Ad ora incerta si intitola la raccolta delle poesie (1984). È un canzoniere non nel senso di Petrarca ma in quello di Saba, una raccolta in cui i componimenti sono disposti in ordine cronologico. «Chi non ha mai scritto versi?» si chiede il poeta nella breve introduzione «Anch’io ad intervalli, “ad ora incerta”, ho ceduto alla spinta». Vorrei segnalare accanto ai versi fin troppo noti di Shema, Alzarsi, Il canto del corvo e Il superstite, le belle e intense poesie d’amore, da 11 febbraio 1947 («Cercavo te nelle stelle…») a quel 12 luglio 1980 («Non è più tempo di vivere soli. / Accetta per favore questi 14 versi») che richiama il precedente, Da R.M. Rilke, mirabile traduzione dal Libro delle ore («È giunto il tempo di non esser soli»).
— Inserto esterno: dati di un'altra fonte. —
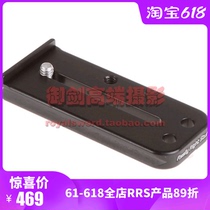 (Royal sword)The United States RRS day cool general quick plate L84(white rabbit big white big bamboo gun etc)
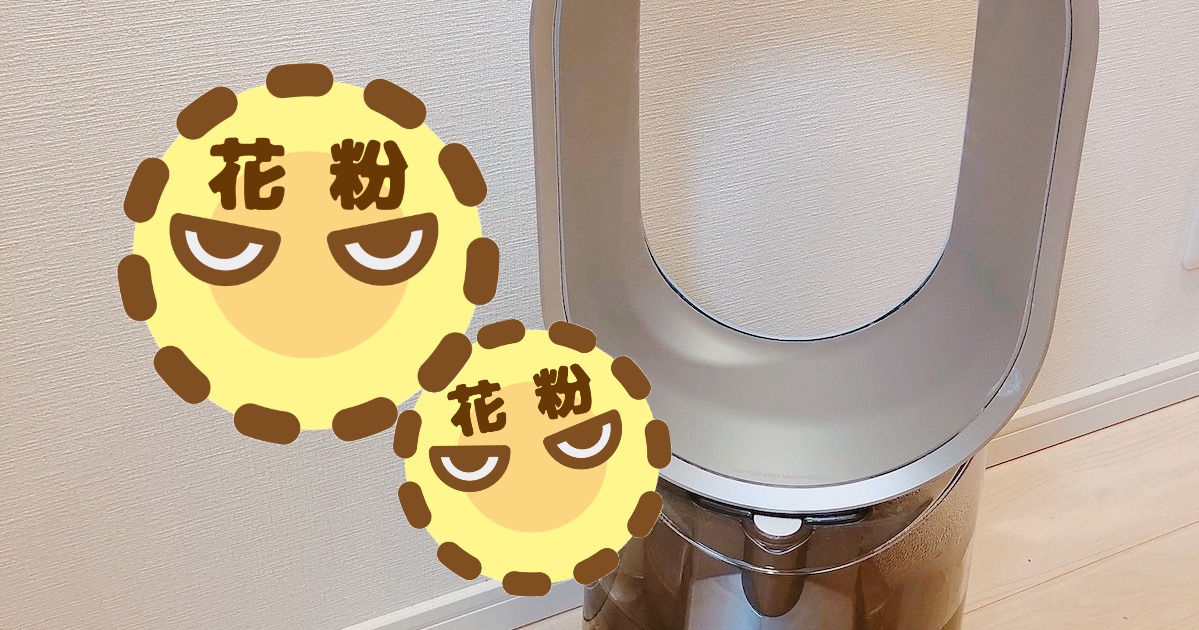 花粉対策に! 加湿器の効果的な使い方 – 木村石鹸 公式サイト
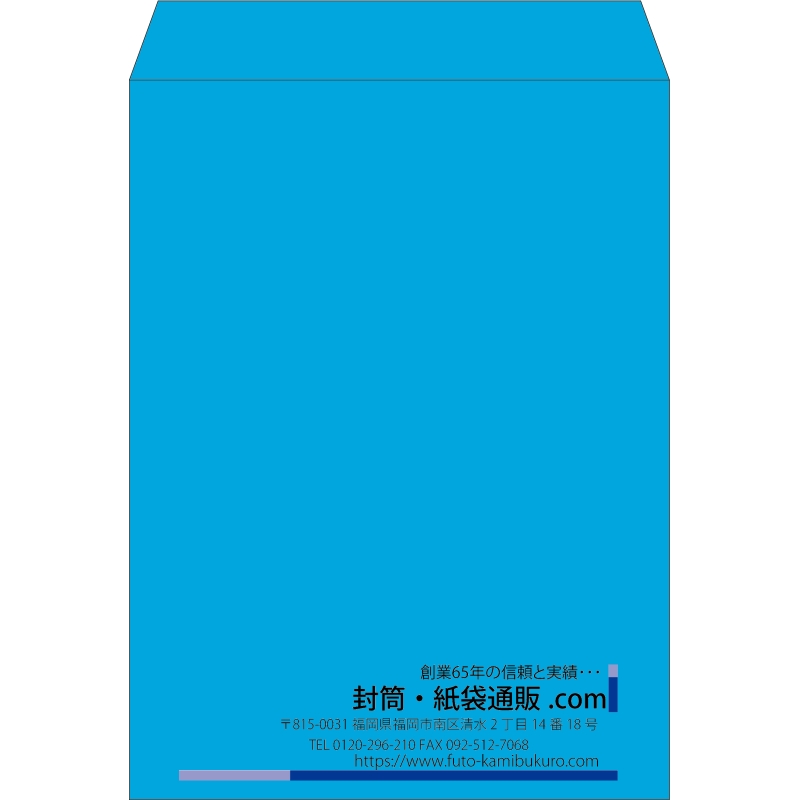 【既製品】角0(287x382mm)（〒枠なし）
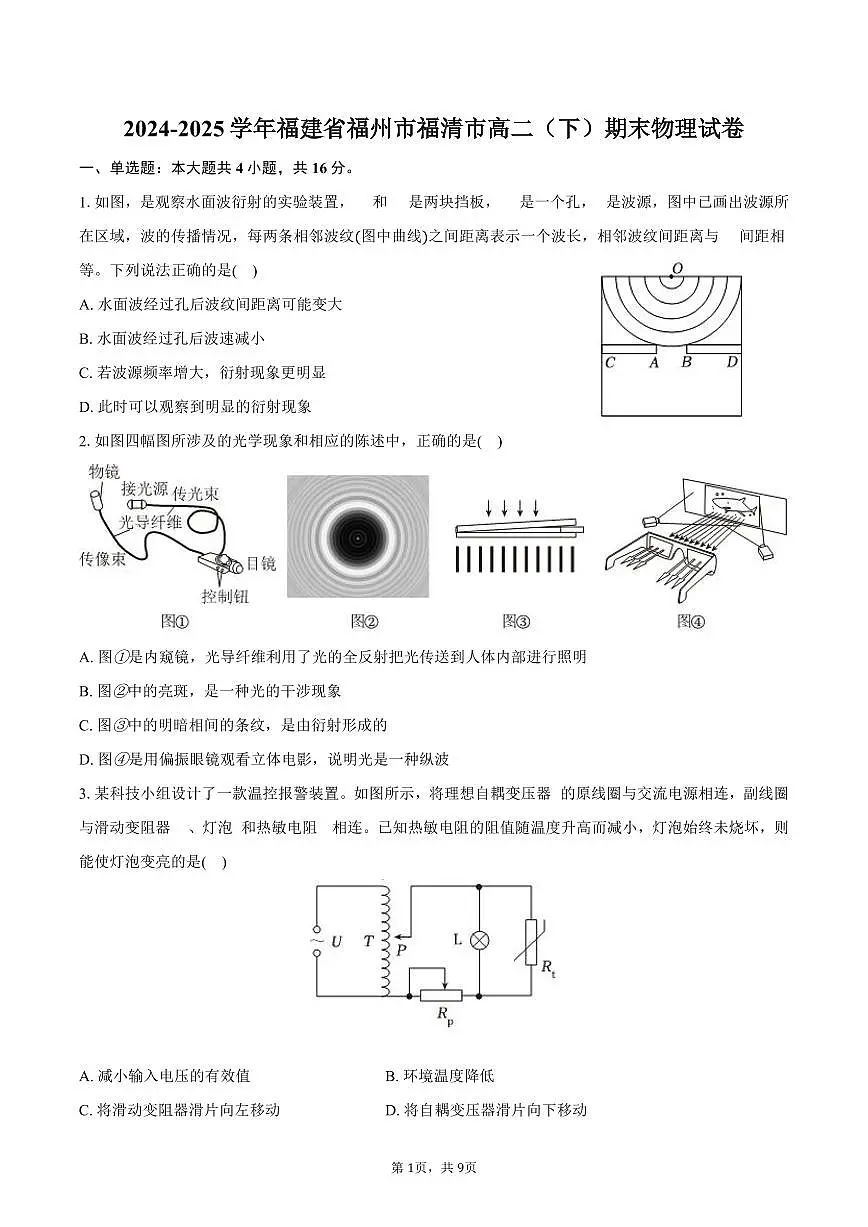 2024-2025学年福建省福州市福清市高二(下)期末物理试卷(含答案)第1页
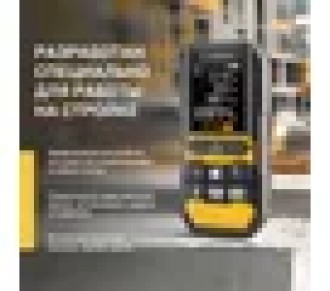 IM0166 Лазерный дальномер Instrumax DISTPRO 70
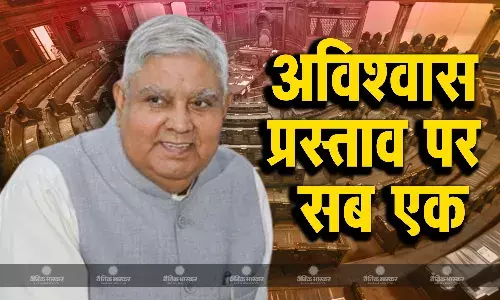 सभापति जगदीप धनखड़ के खिलाफ अविश्वास प्रस्ताव लाने के तैयारी में जुटा विपक्ष, सपा और TMC सांसद भी साथ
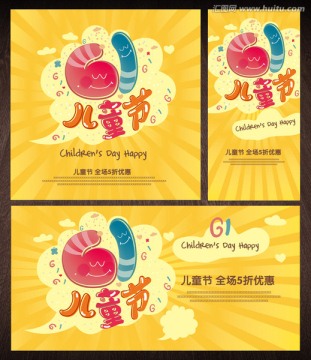 六一兒童節(jié)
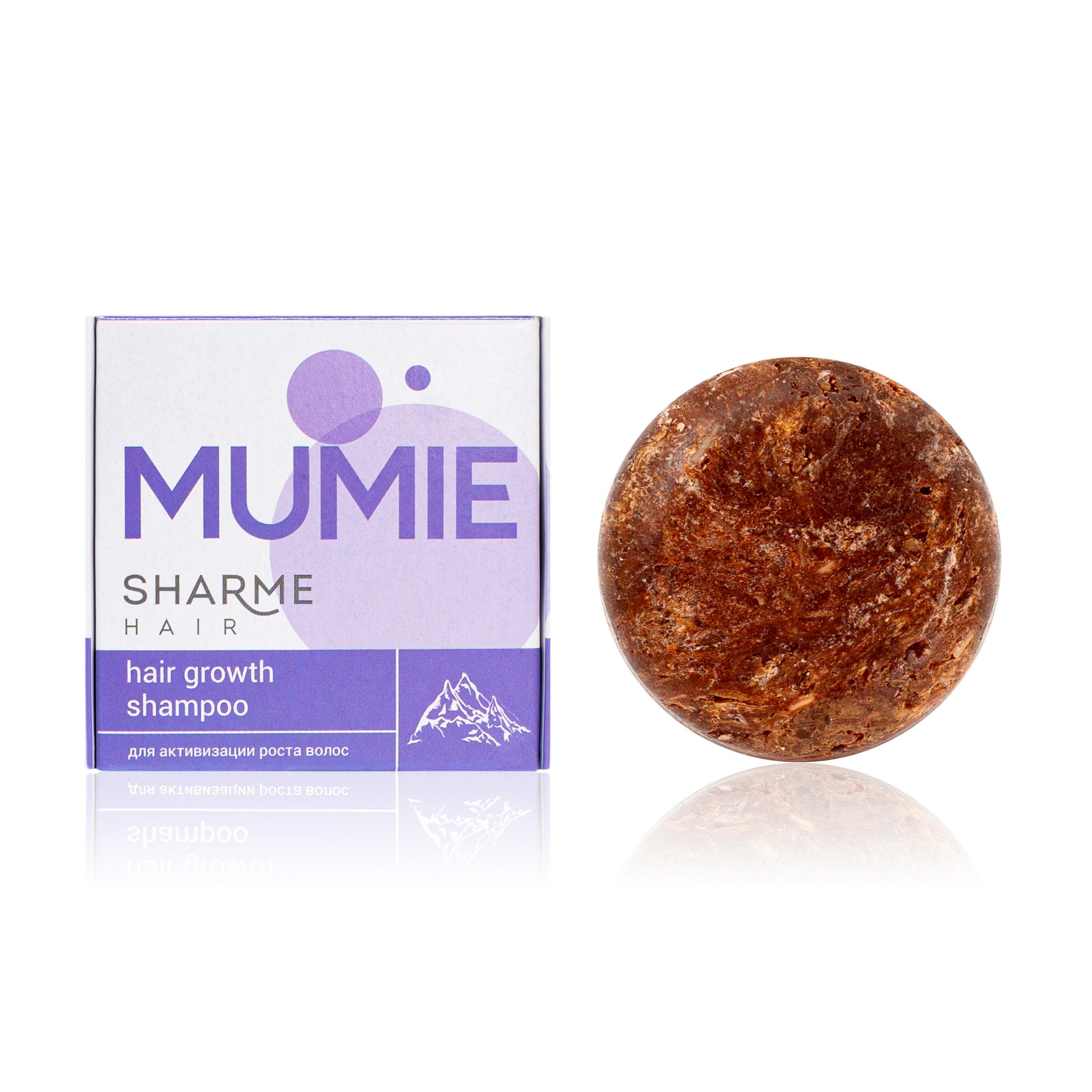 Натуральный твердый шампунь Sharme Hair Mumie для активизации роста волос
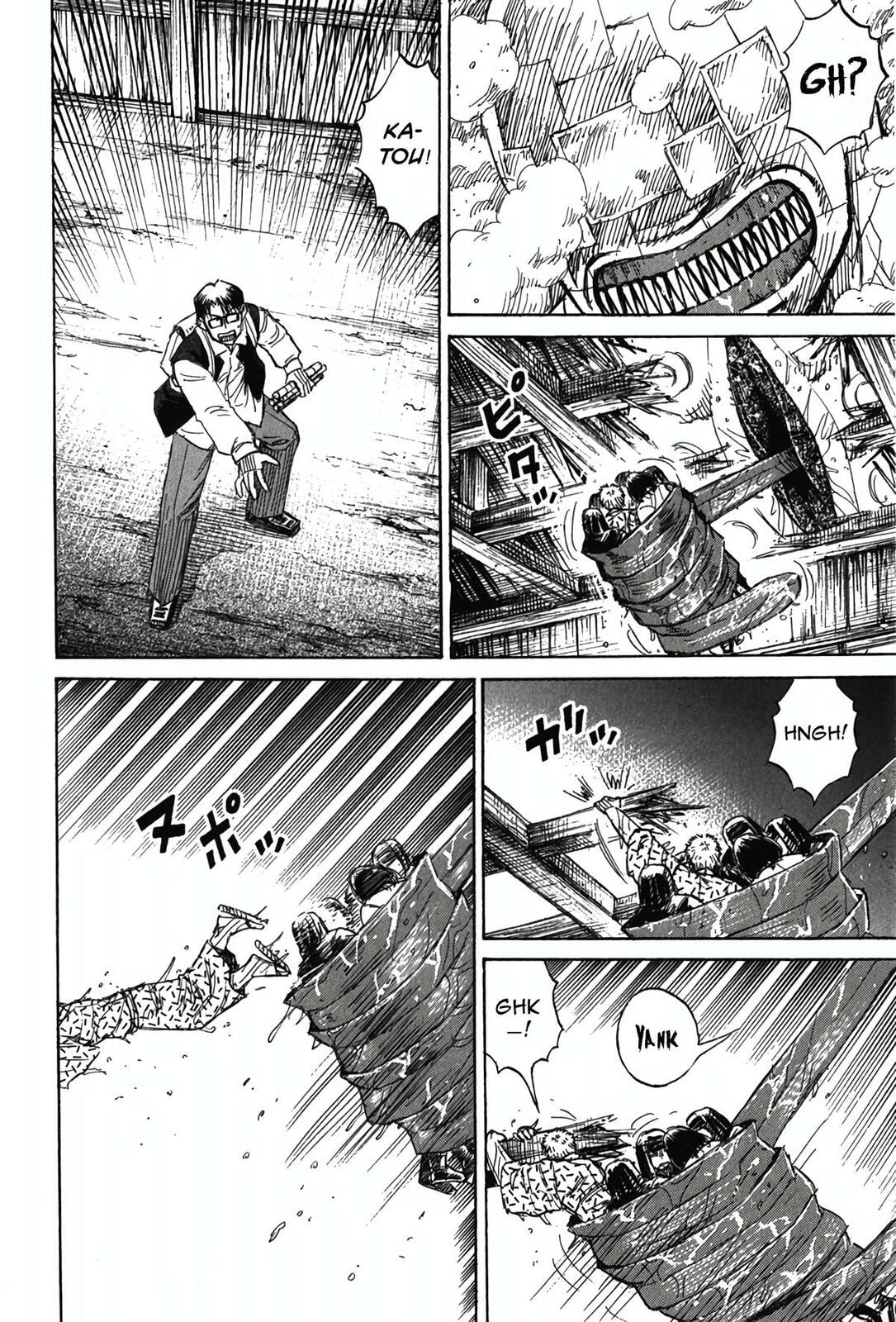 Higanjima - Saigo no 47 Hiai Chapter 121 page 15 - 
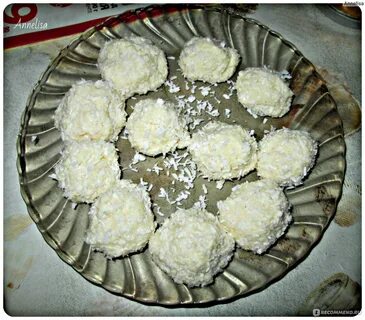 Рафаэлло сгущенка и кокосовая стружка
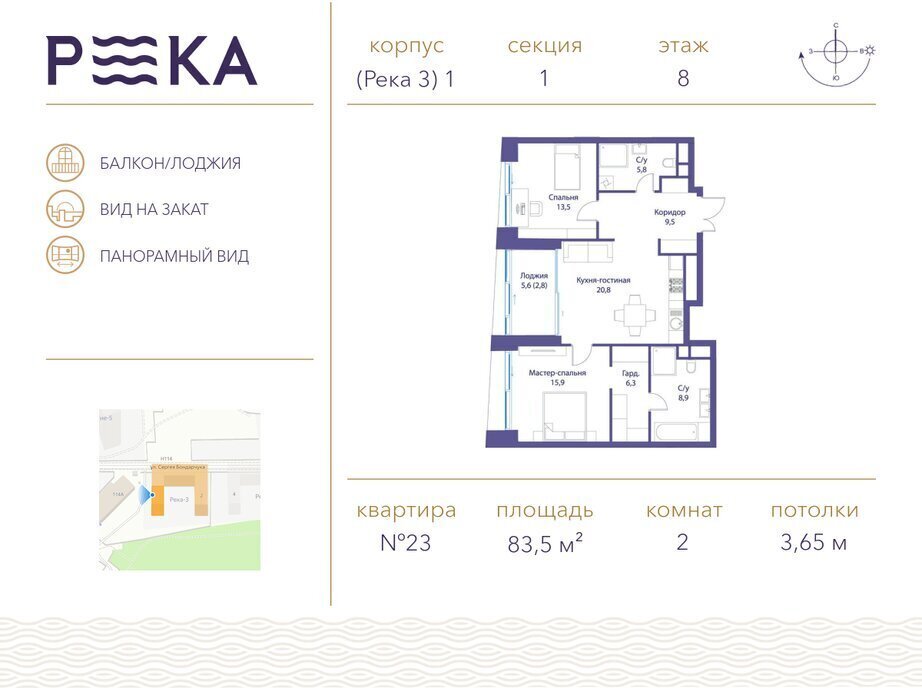 квартира г Щербинка квартал № 1 ЖК Река-2 метро Мичуринский проспект ЗАО район Раменки Кинематографический фото 1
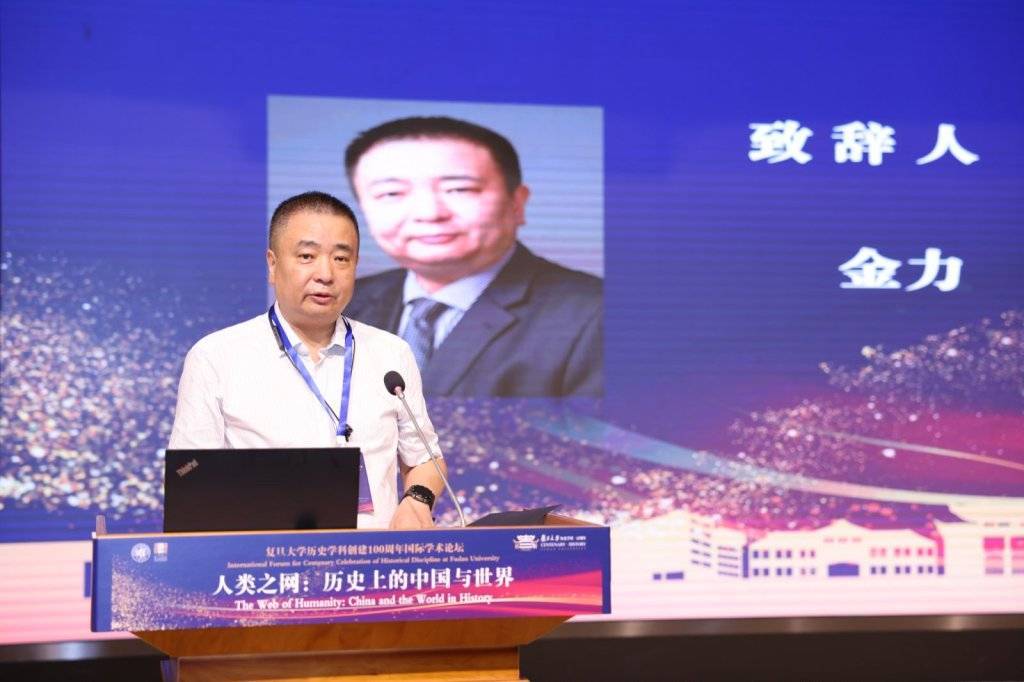 复旦史学百年︱“人类之网：历史上的中国与世界”国际学术论坛纪要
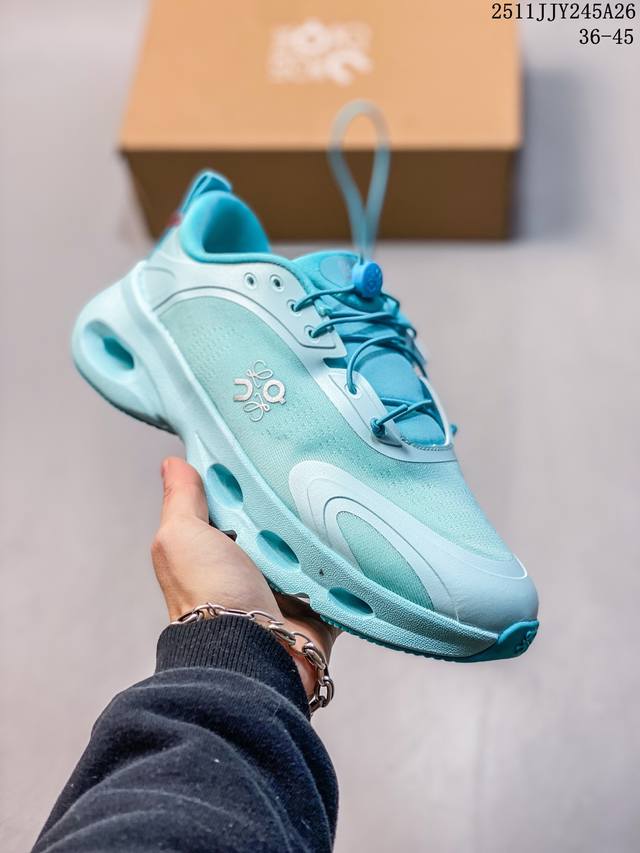 Loewe X On昂跑 Cloud Solo 舒适贴合跑步鞋 男女同款 11Jjy245A26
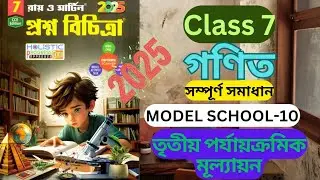 Class 7 Math || 3rd Unit Test 2025 || Ray and Martin Prashna Bichitra || Model School 10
«Continueranno il loro corso / solo stelle pianeti e comete» scriverà nella sua ultima poesia pubblicata in «Almanacco» del 2 gennaio 1987, «Anche la Terra temerà le leggi / immutabili del creato. / Noi no. Noi propaggine ribelle / di molto ingegno e poco senno, / distruggeremo e corromperemo /sempre più in fretta».

In appendice al presente articolo mi piace pubblicare una mia poesia dedicata a Primo Levi in occasione del trentennale della morte:

No, non mi fa paura la vecchiaia,

                                   mi fa paura l’altrui giovinezza

                                   con quel che di famelico comporta.

 

                                  Mi fa paura l’essere con loro,

                                   e mi vergogno d’usurpare il posto

                                   di tanti certo assai di me più degni.

 

                                   I sommersi e i salvati, la coscienza

                                   d’essere vivi in un mondo di morti,

                                   di questo veramente mi vergogno.

 

                                     Di cosa si vergogna Josef K .?                                                                                    

                                     Di cosa si vergogna l’innocente

                                     col coltello piantato già nel cuore?

                        

                                     Del tribunale occulto? Della colpa

                                     ignota, inconsapevole? Di cosa?

                                     Forse d ‘essere un uomo si vergogna.